(di De Biaggi Eleonora)
Dal 15 gennaio i datori di lavoro che utilizzano il lavoro accessorio da retribuire con i voucher saranno tenuti ad effettuare la comunicazione preventiva solamente all’INPS e non più all’INAIL.
Questa è una delle novità introdotte dalla circolare 176/2013, la quale informa che con la nuova comunicazione sarà il sistema informatico dell’INPS a provvedere a comunicare all’INAIL, in tempo reale, i relativi dati di competenza.

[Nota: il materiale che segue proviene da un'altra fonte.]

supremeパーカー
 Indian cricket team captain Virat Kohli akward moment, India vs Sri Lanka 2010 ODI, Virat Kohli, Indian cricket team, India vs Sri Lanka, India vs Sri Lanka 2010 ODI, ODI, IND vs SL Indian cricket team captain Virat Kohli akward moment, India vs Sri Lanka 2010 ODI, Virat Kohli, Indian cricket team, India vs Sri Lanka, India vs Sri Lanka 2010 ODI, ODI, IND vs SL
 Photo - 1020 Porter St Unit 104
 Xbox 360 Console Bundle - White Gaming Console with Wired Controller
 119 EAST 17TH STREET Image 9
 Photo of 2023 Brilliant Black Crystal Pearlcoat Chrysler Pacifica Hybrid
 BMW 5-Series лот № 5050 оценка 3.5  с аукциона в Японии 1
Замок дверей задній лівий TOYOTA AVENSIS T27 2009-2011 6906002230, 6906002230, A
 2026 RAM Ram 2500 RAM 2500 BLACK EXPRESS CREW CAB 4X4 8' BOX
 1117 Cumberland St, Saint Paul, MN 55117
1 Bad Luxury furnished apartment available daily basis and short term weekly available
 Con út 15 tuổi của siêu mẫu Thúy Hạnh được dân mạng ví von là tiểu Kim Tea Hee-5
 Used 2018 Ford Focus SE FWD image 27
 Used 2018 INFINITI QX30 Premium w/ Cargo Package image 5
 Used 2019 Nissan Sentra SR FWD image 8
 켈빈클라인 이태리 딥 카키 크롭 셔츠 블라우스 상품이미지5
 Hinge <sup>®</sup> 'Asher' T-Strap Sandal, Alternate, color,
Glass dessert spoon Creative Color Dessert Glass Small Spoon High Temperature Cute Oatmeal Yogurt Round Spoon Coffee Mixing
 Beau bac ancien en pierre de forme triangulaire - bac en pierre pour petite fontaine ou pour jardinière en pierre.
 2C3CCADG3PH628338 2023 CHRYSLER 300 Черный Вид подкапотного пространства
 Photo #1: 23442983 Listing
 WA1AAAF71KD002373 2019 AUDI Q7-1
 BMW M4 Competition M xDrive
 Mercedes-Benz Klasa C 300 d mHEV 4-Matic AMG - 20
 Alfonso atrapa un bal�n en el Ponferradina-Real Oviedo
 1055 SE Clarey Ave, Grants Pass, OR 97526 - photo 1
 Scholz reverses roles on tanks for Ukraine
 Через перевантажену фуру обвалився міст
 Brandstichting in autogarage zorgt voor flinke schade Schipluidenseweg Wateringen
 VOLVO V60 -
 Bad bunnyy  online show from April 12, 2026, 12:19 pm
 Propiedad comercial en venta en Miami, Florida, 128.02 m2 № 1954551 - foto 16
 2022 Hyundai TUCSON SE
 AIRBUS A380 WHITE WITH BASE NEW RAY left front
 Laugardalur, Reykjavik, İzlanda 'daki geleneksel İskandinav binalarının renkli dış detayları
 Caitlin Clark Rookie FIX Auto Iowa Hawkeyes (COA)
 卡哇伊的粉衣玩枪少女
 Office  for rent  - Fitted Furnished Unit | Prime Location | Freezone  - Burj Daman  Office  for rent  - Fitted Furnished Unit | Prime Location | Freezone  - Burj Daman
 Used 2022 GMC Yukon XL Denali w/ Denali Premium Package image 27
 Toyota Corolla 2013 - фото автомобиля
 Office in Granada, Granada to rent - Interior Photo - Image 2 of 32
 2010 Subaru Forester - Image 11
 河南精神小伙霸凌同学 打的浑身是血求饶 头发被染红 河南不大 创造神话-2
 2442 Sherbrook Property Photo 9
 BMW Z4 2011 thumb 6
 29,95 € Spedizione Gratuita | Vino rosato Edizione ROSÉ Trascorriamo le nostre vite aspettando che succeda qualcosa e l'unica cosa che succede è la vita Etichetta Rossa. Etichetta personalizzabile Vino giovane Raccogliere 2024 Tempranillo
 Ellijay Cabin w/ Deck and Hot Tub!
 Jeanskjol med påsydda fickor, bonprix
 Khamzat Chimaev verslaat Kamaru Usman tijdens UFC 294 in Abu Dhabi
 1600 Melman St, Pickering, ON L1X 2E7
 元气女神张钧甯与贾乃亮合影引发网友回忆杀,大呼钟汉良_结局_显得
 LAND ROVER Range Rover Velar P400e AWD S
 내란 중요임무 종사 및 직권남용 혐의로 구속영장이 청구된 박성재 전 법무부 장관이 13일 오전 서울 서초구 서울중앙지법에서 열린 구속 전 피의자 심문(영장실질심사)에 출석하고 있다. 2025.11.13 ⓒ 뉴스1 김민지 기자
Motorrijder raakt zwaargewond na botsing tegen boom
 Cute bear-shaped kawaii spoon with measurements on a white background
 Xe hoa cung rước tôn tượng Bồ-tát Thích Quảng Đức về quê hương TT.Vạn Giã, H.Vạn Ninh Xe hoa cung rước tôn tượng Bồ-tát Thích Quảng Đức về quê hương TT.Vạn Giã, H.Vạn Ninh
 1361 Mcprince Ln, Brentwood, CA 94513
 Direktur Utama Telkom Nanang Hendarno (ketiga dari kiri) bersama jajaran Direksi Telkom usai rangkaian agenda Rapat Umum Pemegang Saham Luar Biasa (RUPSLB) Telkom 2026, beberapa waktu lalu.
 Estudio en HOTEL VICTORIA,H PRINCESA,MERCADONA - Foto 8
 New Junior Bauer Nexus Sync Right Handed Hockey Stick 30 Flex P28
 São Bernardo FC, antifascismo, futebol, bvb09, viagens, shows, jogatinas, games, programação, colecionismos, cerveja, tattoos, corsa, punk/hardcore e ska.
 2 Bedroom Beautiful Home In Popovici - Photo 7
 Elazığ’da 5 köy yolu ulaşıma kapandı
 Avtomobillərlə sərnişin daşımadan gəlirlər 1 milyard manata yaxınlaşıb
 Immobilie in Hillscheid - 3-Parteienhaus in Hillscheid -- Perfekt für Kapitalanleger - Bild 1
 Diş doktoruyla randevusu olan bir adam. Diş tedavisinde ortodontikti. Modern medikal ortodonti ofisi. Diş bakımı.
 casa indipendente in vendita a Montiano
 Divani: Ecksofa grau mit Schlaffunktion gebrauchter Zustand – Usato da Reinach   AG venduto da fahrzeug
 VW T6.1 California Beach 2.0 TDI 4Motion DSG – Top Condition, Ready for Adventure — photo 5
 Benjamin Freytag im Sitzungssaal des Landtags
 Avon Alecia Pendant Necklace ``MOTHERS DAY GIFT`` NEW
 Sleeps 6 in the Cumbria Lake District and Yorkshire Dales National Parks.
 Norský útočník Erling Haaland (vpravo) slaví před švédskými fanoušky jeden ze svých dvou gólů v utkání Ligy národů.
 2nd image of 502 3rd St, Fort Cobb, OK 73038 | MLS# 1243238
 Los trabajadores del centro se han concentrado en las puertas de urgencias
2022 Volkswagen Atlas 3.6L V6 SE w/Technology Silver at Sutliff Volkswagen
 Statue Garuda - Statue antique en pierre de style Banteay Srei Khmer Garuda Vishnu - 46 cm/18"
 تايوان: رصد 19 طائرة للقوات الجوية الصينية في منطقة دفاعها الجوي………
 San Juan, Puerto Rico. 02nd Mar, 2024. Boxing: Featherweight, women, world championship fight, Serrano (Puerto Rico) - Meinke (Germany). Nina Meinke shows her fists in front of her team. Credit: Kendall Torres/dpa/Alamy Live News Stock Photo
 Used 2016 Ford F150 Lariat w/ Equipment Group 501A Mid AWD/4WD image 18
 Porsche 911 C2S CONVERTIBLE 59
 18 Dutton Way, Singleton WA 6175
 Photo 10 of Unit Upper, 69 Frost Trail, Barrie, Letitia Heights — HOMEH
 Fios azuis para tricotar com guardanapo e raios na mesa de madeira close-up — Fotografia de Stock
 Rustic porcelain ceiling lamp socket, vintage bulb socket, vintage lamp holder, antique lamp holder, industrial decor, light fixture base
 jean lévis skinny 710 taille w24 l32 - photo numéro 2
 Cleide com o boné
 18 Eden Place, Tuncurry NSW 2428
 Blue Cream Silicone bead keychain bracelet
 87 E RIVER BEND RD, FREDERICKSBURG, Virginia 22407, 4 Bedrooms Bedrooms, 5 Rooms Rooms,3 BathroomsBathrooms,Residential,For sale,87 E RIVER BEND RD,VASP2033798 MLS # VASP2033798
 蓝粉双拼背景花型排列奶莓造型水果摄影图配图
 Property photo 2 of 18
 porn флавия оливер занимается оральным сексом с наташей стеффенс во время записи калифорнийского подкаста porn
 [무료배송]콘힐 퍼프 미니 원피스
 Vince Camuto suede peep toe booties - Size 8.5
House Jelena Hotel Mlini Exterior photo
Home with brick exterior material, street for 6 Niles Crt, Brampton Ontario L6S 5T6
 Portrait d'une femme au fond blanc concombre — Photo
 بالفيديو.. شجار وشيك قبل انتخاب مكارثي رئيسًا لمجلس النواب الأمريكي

Inoltre l’Istituto ha messo a disposizione degli utilizzatori uno strumento con il quale sarà possibile verificare se il prestatore ha superato o meno i limiti economici – che come è noto si tratta di compensi lordi – pari ad euro 6.666, ovvero Euro 5.000 netti per il prestatore, ed euro 2.666,00 lordi nel caso in cui il committente sia imprenditore commerciale o professionista.
Tale sistema, tuttavia, non garantisce al committente la certezza del rispetto o meno dei parametri in quanto potrebbe verificarsi una non corrispondenza tra voucher percepiti dal prestatore ed il loro effettivo incasso, ipotesi legata alla possibilità di incassare il titolo entro la scadenza dei due anni dall’emissione.
È consigliabile pertanto che il committente richieda sempre al prestatore una dichiarazione di responsabilità che riguardi il mancato superamento degli importi massimi al fine di evitare le sanzioni di cui sopra. Per l’impresa, infatti, qualora tale sforamento venga accertato, comporterà la trasformazione della prestazione in un rapporto di lavoro subordinato a tempo indeterminato.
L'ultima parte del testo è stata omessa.